PostgreSQL and JDBC squeeze out all the juice. Vladimir Sitnikov

Good afternoon My name is Vladimir Sitnikov. I have been working for NetCracker for 10 years. And I'm mainly into performance. Everything related to Java, everything related to SQL is what I love.

And today I will talk about what we faced in the company when we started using PostgreSQL as a database server. And we mostly work with Java. But what I will tell you today is not only related to Java. As practice has shown, this also occurs in other languages.
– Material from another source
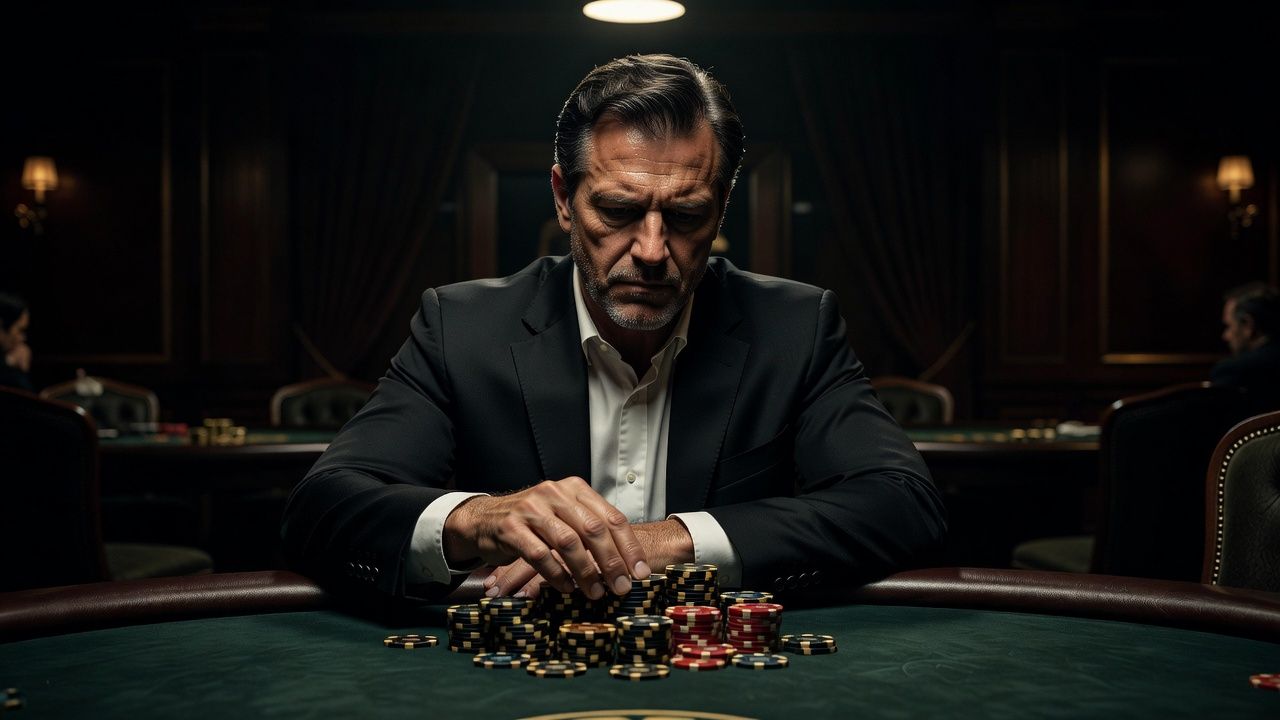 Cinematic close-up of a poker player in a dark, high-stakes luxury casino room, thoughtfully contemplating a bet with high-end poker chips on dark felt, atmospheric lighting, moody tone, no text or logos.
PostgreSQL and JDBC squeeze out all the juice. Vladimir Sitnikov

We will talk:

  • about data sampling.
  • About saving data.
  • And also about performance.
  • And about the underwater rake that is buried there.

PostgreSQL and JDBC squeeze out all the juice. Vladimir Sitnikov

Let's start with a simple question. We select one row from the table by primary key.

PostgreSQL and JDBC squeeze out all the juice. Vladimir Sitnikov

The base is on the same host. And all this economy takes 20 milliseconds.

PostgreSQL and JDBC squeeze out all the juice. Vladimir Sitnikov

These 20 milliseconds are a lot. If you have such 100 requests, then you are wasting time per second scrolling through these requests, i.e., we are wasting time.

We do not like to do this and look at what the base offers us for this. The database offers us two options for executing queries.

PostgreSQL and JDBC squeeze out all the juice. Vladimir Sitnikov

The first option is a simple request. Why is he good? The fact that we take it and send it, and nothing more.

PostgreSQL and JDBC squeeze out all the juice. Vladimir Sitnikov

https://github.com/pgjdbc/pgjdbc/pull/478

The database also has an extended query, which is more tricky, but more functional. You can separately send a request for parsing, execution, variable binding, etc.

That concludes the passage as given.